In a recent article, published in the Journal of Public Affairs Education, Suffolk faculty members encourage public service programs to develop similar partnerships with business schools to bridge the gap between sectors.
The push for collaboration comes at a time when public management, nonprofit, and business sectors are becoming more integrated, and governments are increasingly dependent on them to provide public services.
Richard Beinecke Richard Beinecke, left, chair of the Institute for Public Service and senior member of the Healthcare Department, and Assistant Professors Aimee L. Williamson and Brendan Burke, co-authored the report. “Even though not all students will become interested in public service careers, many of them will incorporate public interest concerns in their day-to-day lives or through corporate social responsibility programs during their careers,” they wrote.
The article was published just months after Suffolk’s department announced its name change to the Institute for Public Service (formerly Public Management) and revamped curriculum to reach a broader student body.
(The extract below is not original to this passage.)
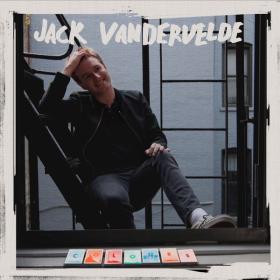 Jack Vandervelde - Colours (2019 Pop) [Flac 24-44]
The redesigned management program recruits talented undergraduates and practitioners to public affairs programs and positions, expands teaching and research opportunities, and enhances the field’s reputation.
The Suffolk MPA is 14 courses (42 credits), with flexible tracks in areas such as state, local, and Federal government; nonprofit organizations, and healthcare. Several joint programs with other departments are available. Graduate classes are evenings and Saturdays to accommodate both full time and part-time working students. Suffolk undergraduates may complete their BA and MPA in five years. The Department’s undergraduate minor is gaining popularity as a way for students in fields such as psychology, theater, and environmental studies to gain management skills.
Beinecke joined Suffolk in 1992 and was recently promoted to department chair in 2010 and Full Professor in 2011. He teaches graduate courses on US Health Policy, Global Health Needs and Organization, Global Health Policy, and Leadership for an Interconnected World, as well as undergraduate courses on Global Health, Poverty, Global Warming, and Social Change.
Beinecke is also interested in researching global mental health issues, especially training mental health and healthcare leaders in developed and developing countries. For more than 15 years, he was the principal investigator of the Massachusetts Behavioral Health Program and published over a dozen articles.